Captioned web images:
__________

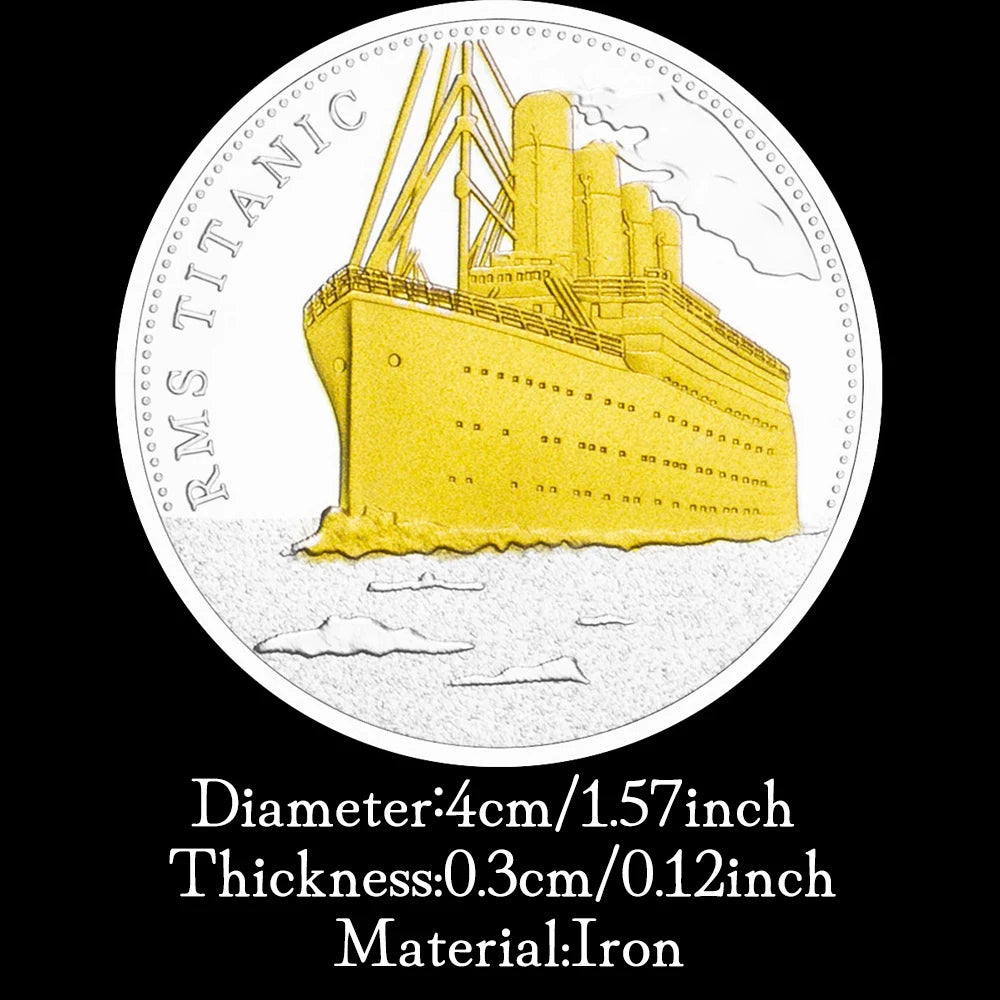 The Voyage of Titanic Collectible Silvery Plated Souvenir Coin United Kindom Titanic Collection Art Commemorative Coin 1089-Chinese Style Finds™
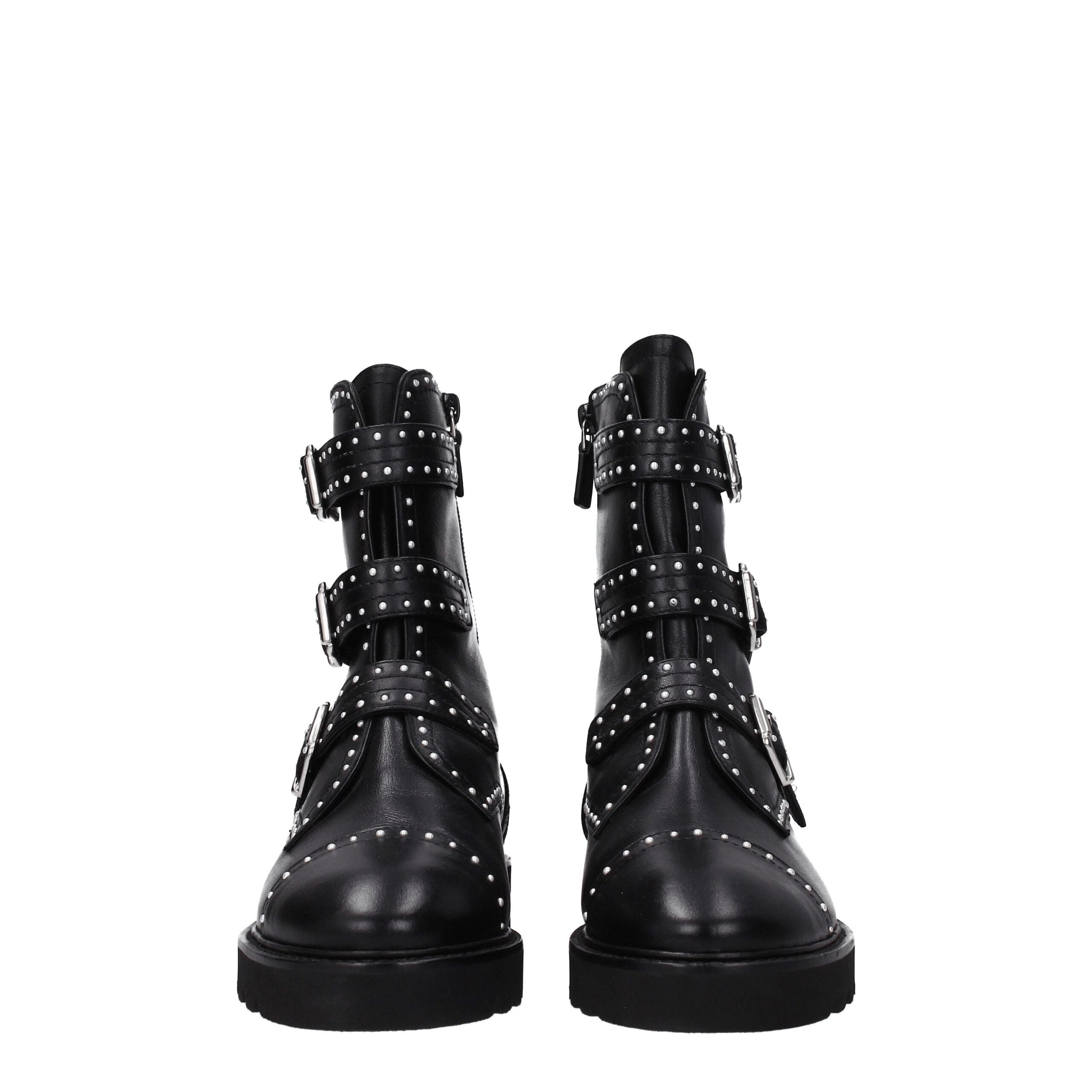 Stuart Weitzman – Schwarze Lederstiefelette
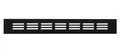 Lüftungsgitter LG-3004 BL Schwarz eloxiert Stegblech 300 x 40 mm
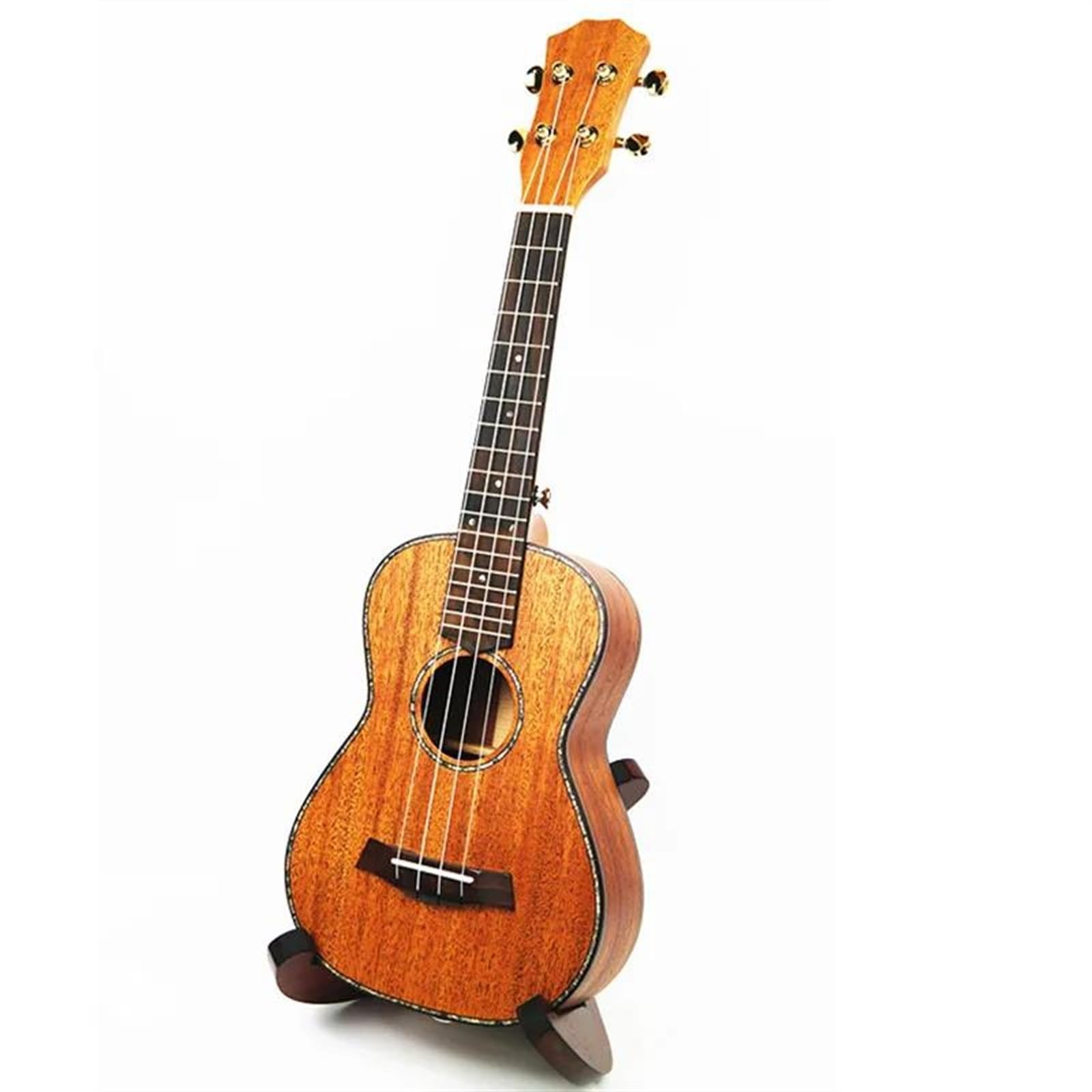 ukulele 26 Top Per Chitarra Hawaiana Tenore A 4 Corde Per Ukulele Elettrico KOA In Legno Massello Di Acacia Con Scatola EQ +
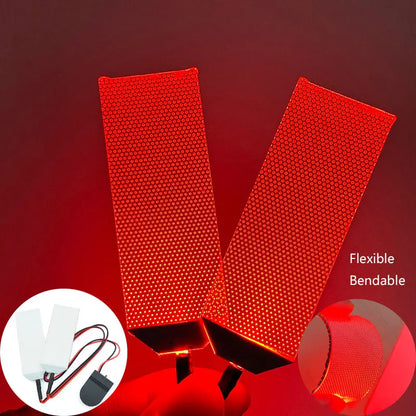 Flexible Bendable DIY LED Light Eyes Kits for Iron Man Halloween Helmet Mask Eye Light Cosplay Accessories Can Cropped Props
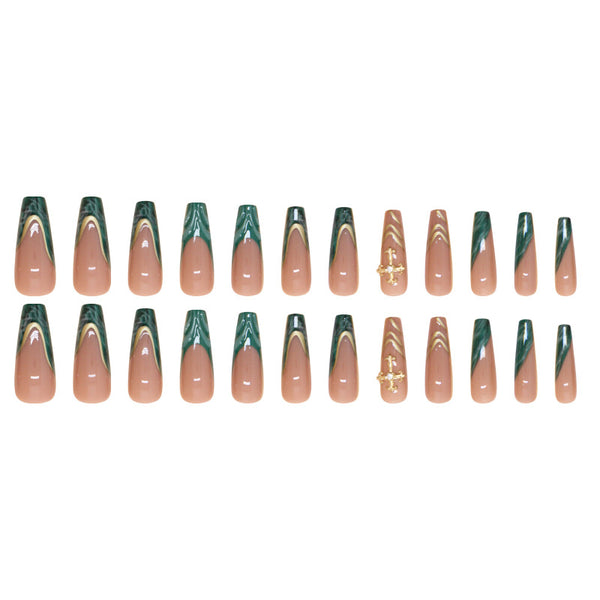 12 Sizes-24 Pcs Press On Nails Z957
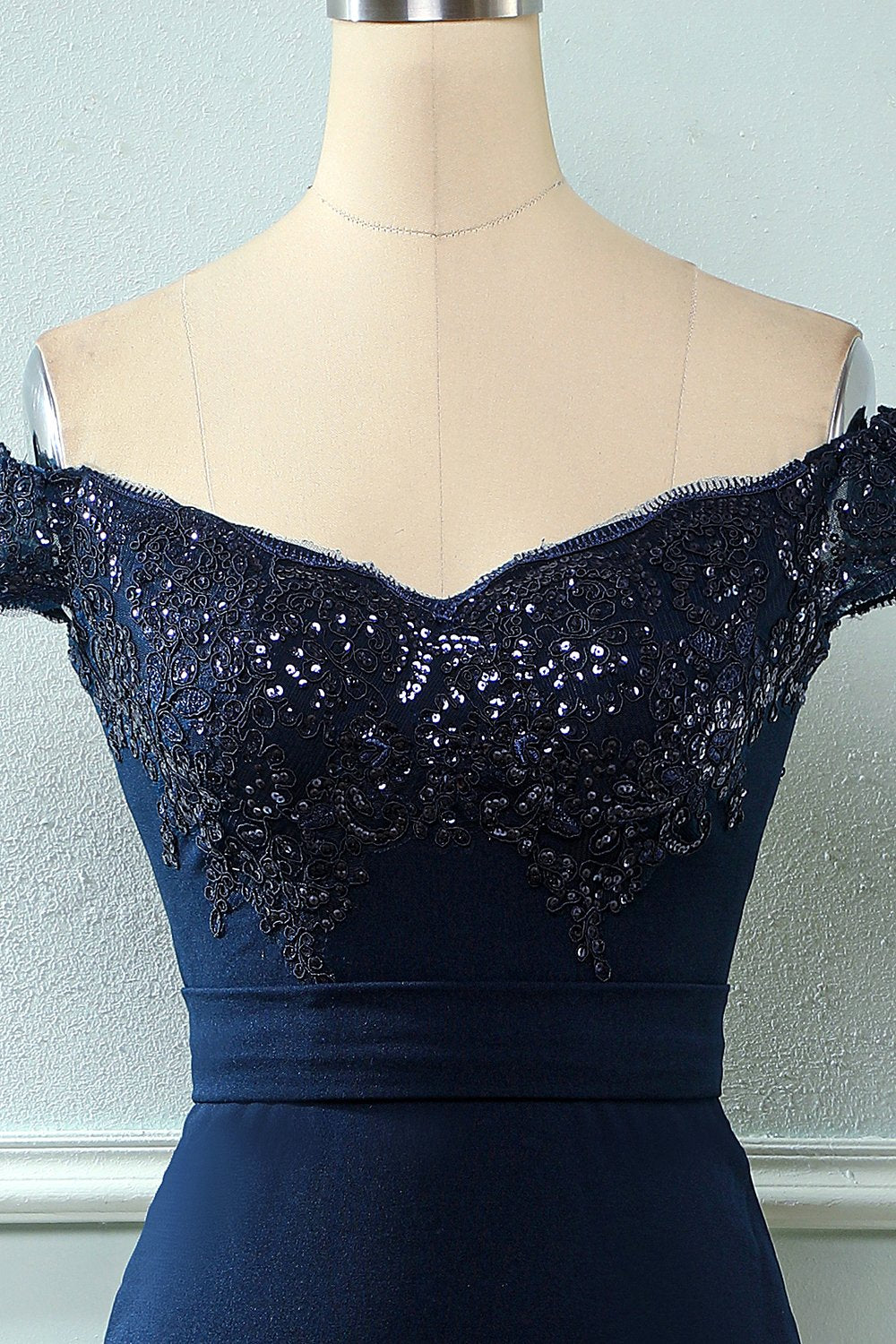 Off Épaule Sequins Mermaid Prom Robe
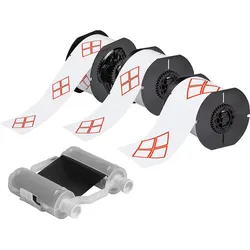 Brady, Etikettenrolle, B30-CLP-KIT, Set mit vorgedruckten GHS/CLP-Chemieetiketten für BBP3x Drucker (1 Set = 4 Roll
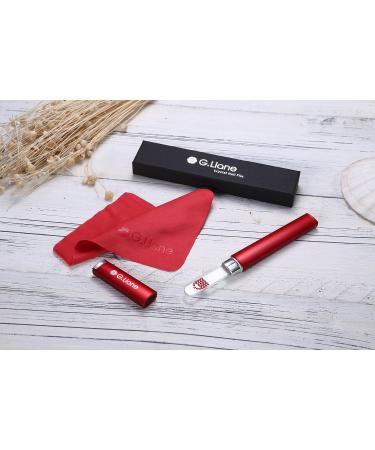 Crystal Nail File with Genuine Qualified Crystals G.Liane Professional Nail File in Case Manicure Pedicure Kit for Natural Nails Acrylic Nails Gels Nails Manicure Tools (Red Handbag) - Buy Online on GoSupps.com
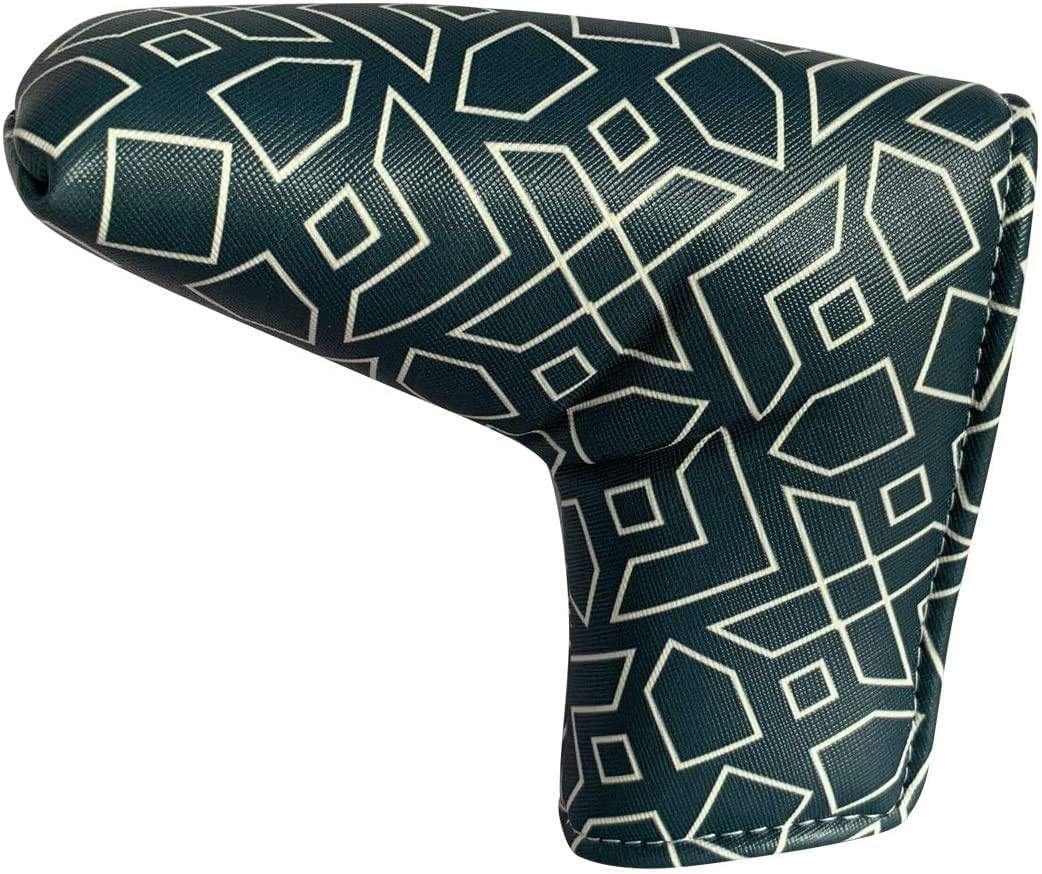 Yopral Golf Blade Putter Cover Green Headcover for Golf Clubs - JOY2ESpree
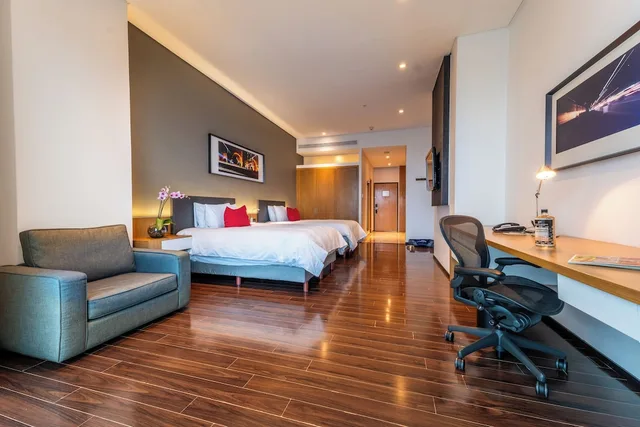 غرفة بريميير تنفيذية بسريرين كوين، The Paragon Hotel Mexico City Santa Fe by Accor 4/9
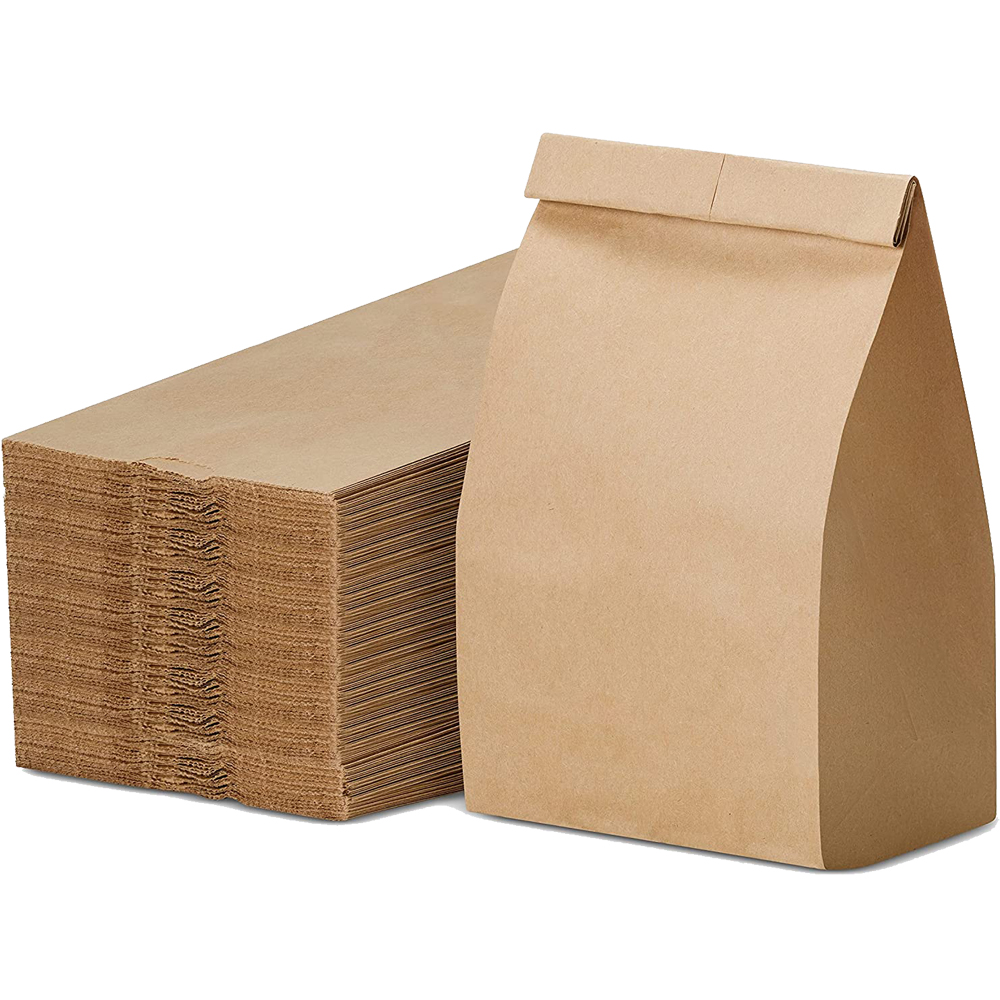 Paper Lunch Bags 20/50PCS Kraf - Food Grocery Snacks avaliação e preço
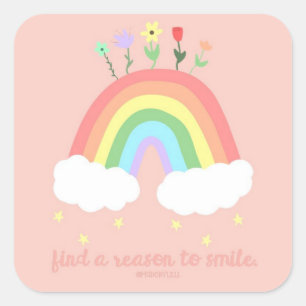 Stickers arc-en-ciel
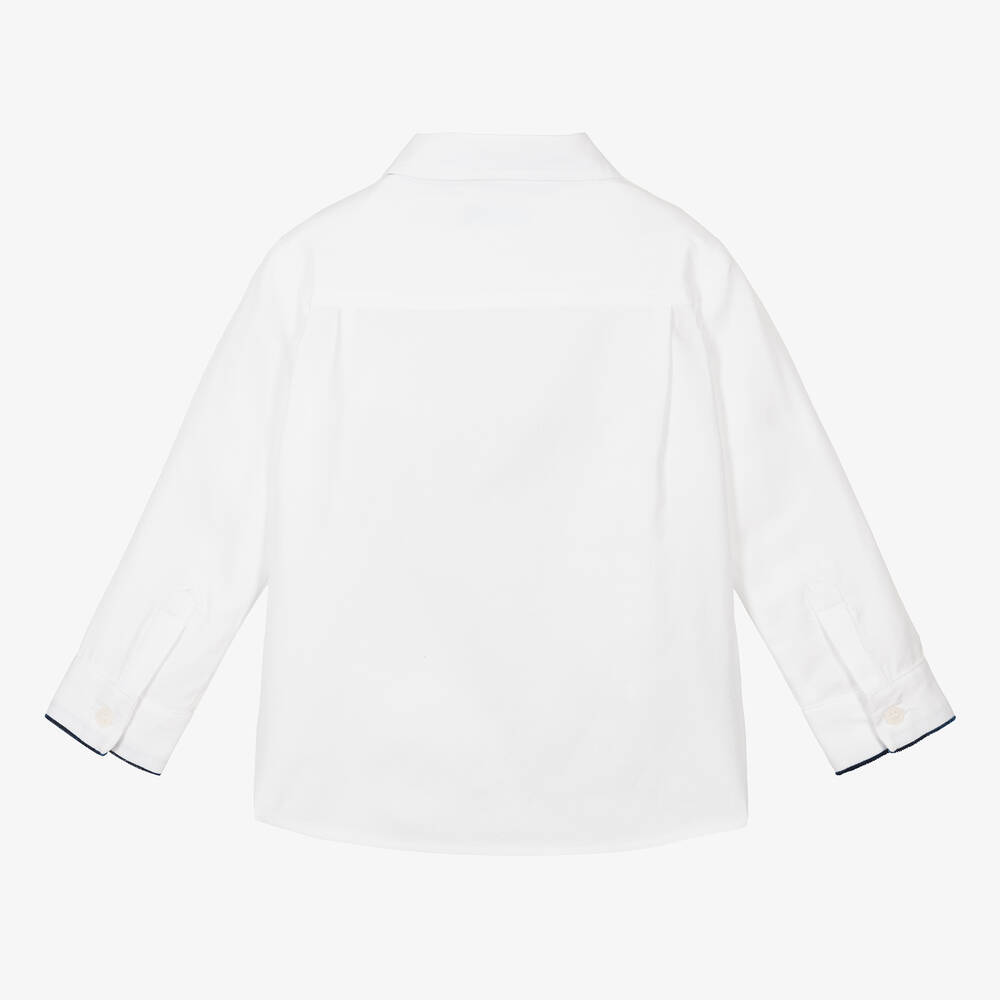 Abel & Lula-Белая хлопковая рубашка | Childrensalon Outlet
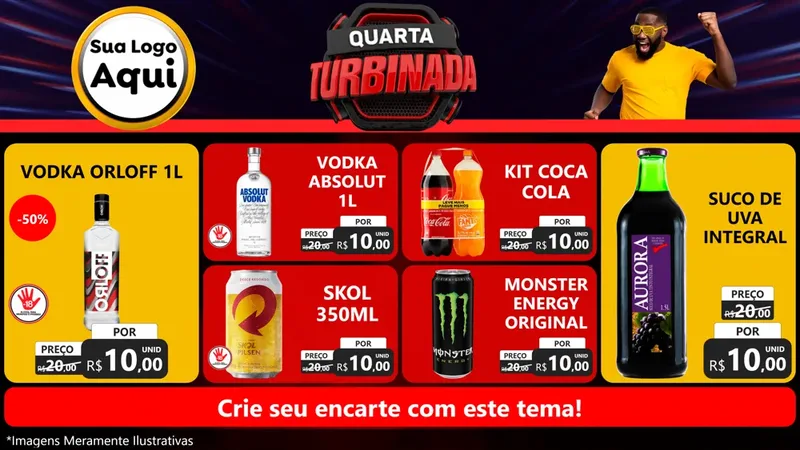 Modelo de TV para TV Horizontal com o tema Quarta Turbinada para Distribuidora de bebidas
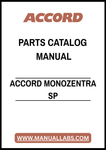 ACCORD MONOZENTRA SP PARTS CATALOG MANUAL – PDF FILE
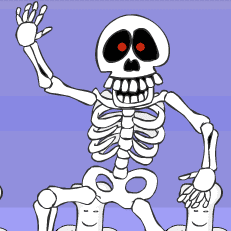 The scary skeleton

__________

REQUIRED WORK: Once the line holding "Modelo de TV" is found, set it down along with every line after it through the end of the entries, exactly, leaving the pictures out.

EXERCISE ANSWER:
 Modelo de TV para TV Horizontal com o tema Quarta Turbinada para Distribuidora de bebidas
 ACCORD MONOZENTRA SP PARTS CATALOG MANUAL – PDF FILE
 The scary skeleton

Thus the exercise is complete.